But Peter Visconti, president of the Plattsburgh Rod and Gun Club, said that’s not the case.
“It still goes way too far,” he said. “It affects 22-caliber target rifles.”
Cuomo had previously said the law wouldn’t impact hunters and sportsmen, but it clearly poses increased and unnecessary restrictions on them, Visconti said.
“A lot of local people are upset about this.”
’PRICEY BACKGROUND CHECKS’
Visconti takes part in shooting competitions, including the Empire State Games, and the new law will make it more difficult and more expensive for him to practice, he said.
Also, he said, buying a gun is going to be more pricey now, too. Background-check fees at dealers add up, he said.
Something as simple as taking a Boy Scout troop out for a target practice could come at a large financial cost, he said.
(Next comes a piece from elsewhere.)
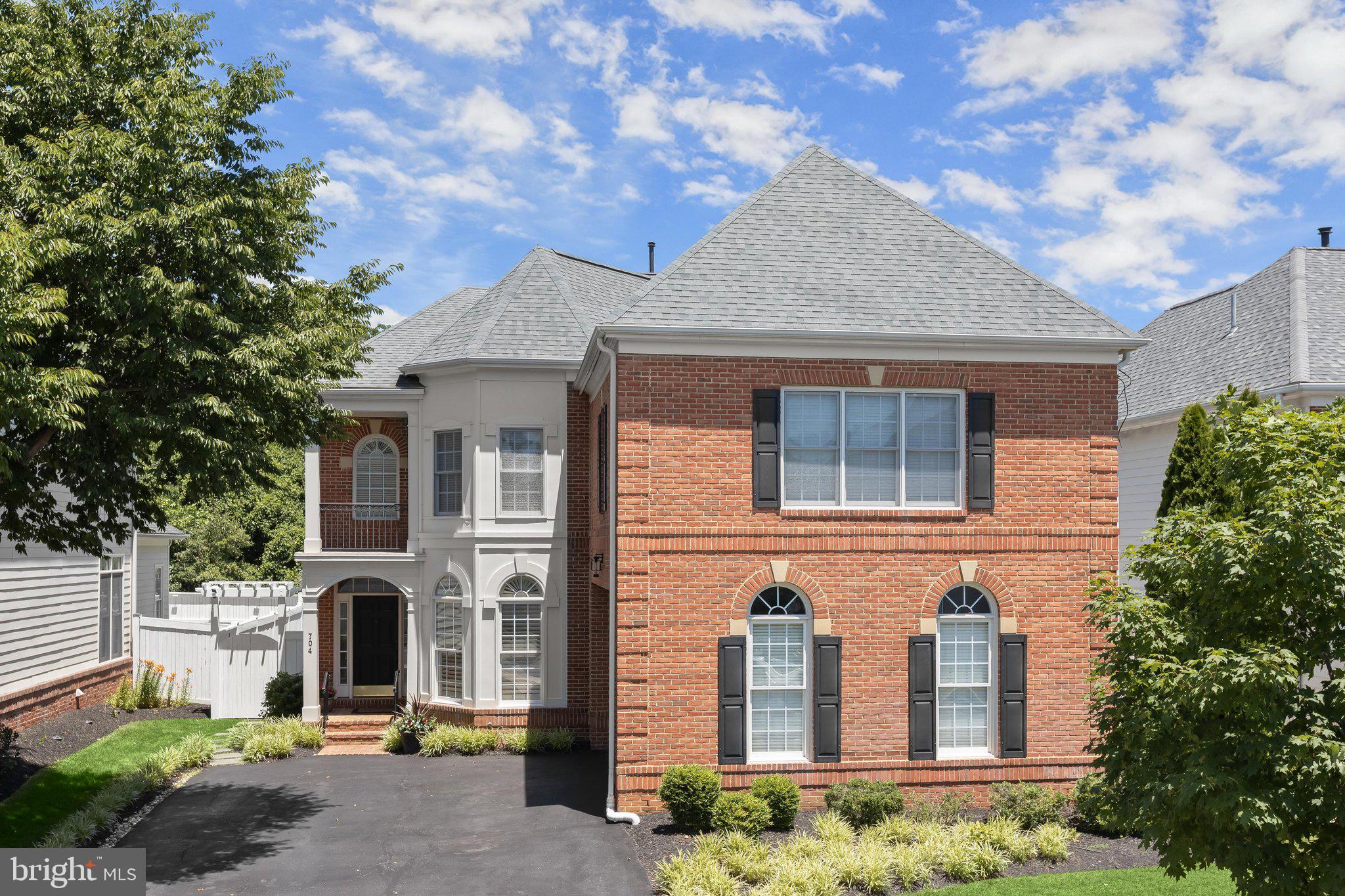 KINGSPORT - Residential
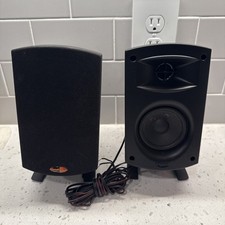 Altoparlanti e supporti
“I’m very upset. I’m disappointed in anyone that voted for this,” Visconti said.
’WON’T END VIOLENCE’
Sister Debbie Blow of Plattsburgh is one local resident who is in favor of stricter gun laws, such as the one signed into law Tuesday.
However, she said, “I think it’s very difficult, because it’s such a multi-faceted issue.”
Blow, a Dominican Sister of Hope who is executive director of Plattsburgh-based humanitarian aid group North Country Mission of Hope, learned something important early in her religious studies, she said.
“There’s never been a weapon created that wasn’t ultimately used.”
While she supports stricter gun laws, they won’t solve the problem of gun violence, Blow said.
“We are appalled at what happens in our theaters and our schools, but it doesn’t start there. Unfortunately, it ends there.”
Lawmakers have not not adequately addressed the kind of severe mental illness in the United States that can be associated with such violence, Blow said, or provided the needed services.